Task objective - Only one span is wanted from the lines below: from the one with "Herb Witches Expansion" up to and including the one with "Printer Print Good". Copy it exactly, without images.

Records for this exercise -

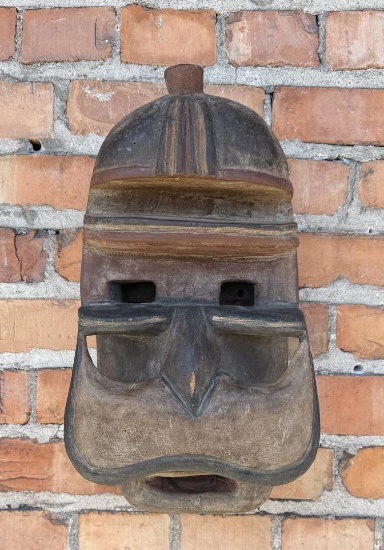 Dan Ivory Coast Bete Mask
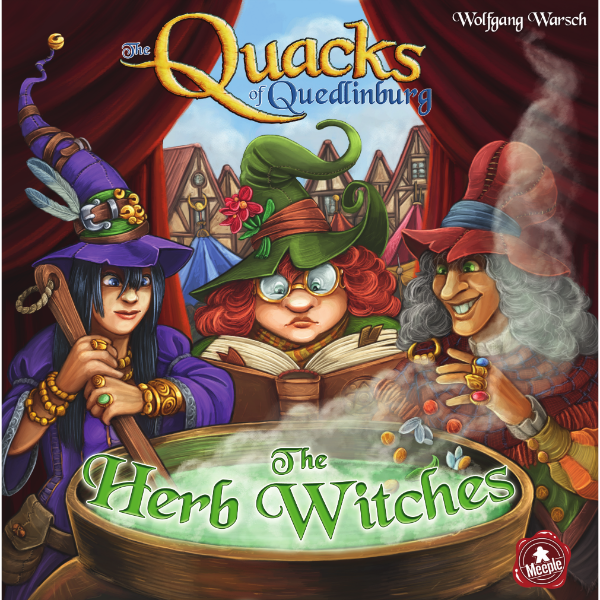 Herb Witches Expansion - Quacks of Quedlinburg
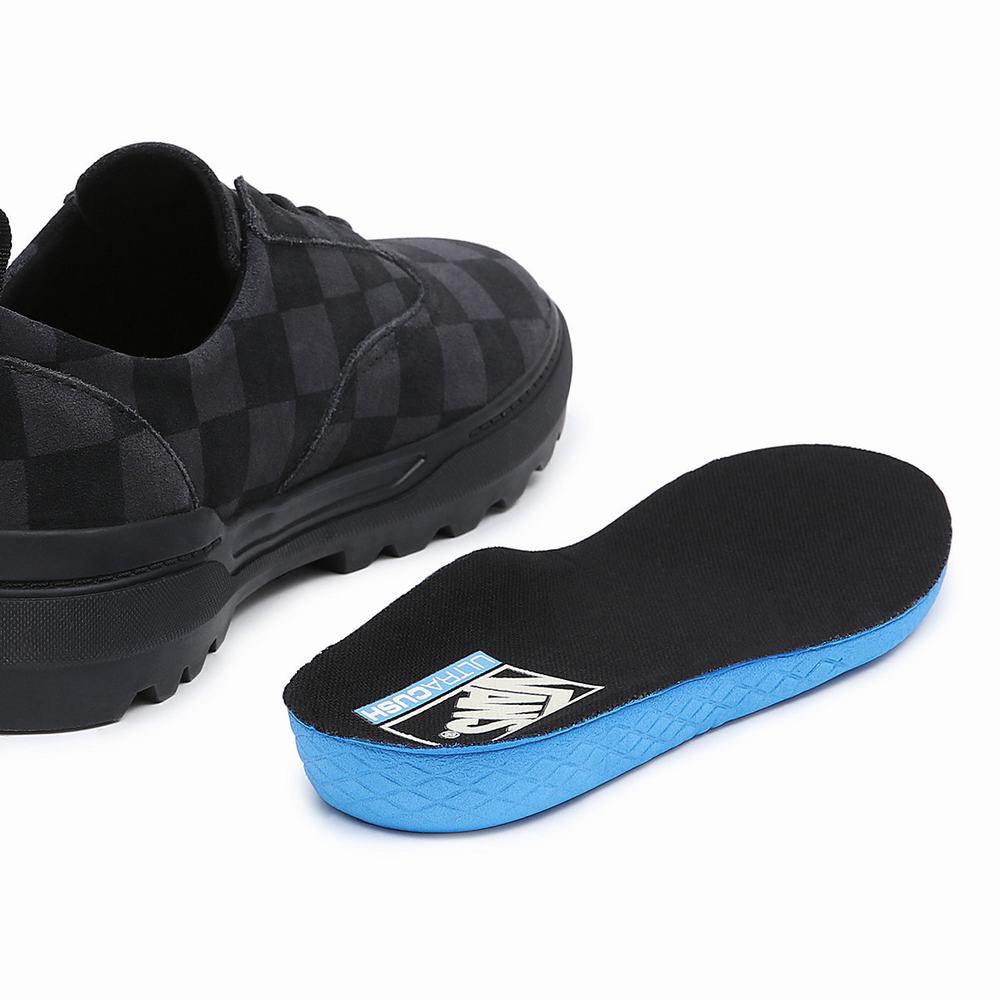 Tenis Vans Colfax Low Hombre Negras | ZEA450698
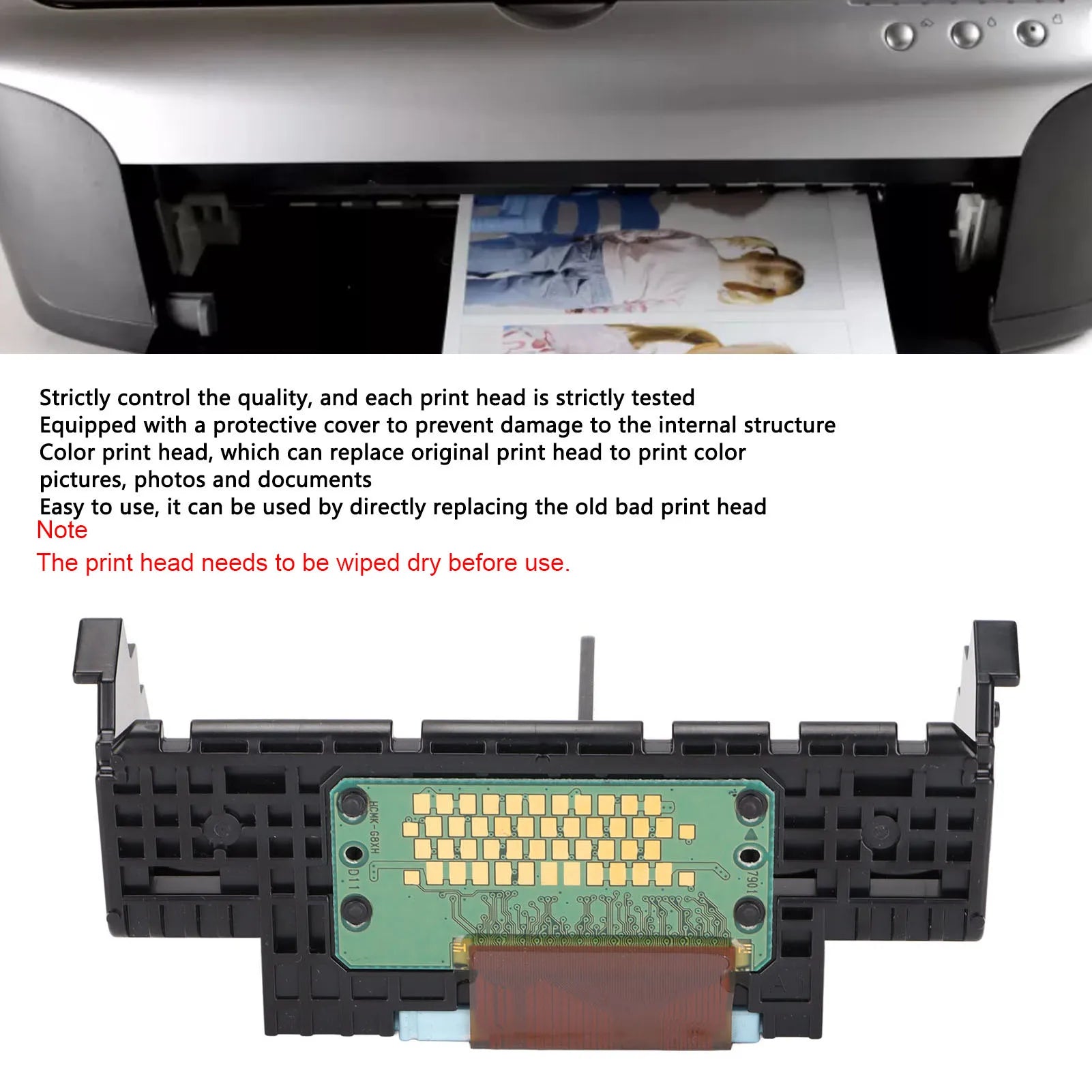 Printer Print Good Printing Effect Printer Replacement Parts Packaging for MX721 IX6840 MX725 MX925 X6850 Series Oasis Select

==

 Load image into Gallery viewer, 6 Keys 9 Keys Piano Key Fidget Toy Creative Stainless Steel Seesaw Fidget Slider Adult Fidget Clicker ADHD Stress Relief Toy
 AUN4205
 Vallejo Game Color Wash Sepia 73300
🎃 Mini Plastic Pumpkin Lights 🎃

Output -
 Herb Witches Expansion - Quacks of Quedlinburg
 Tenis Vans Colfax Low Hombre Negras | ZEA450698
 Printer Print Good Printing Effect Printer Replacement Parts Packaging for MX721 IX6840 MX725 MX925 X6850 Series Oasis Select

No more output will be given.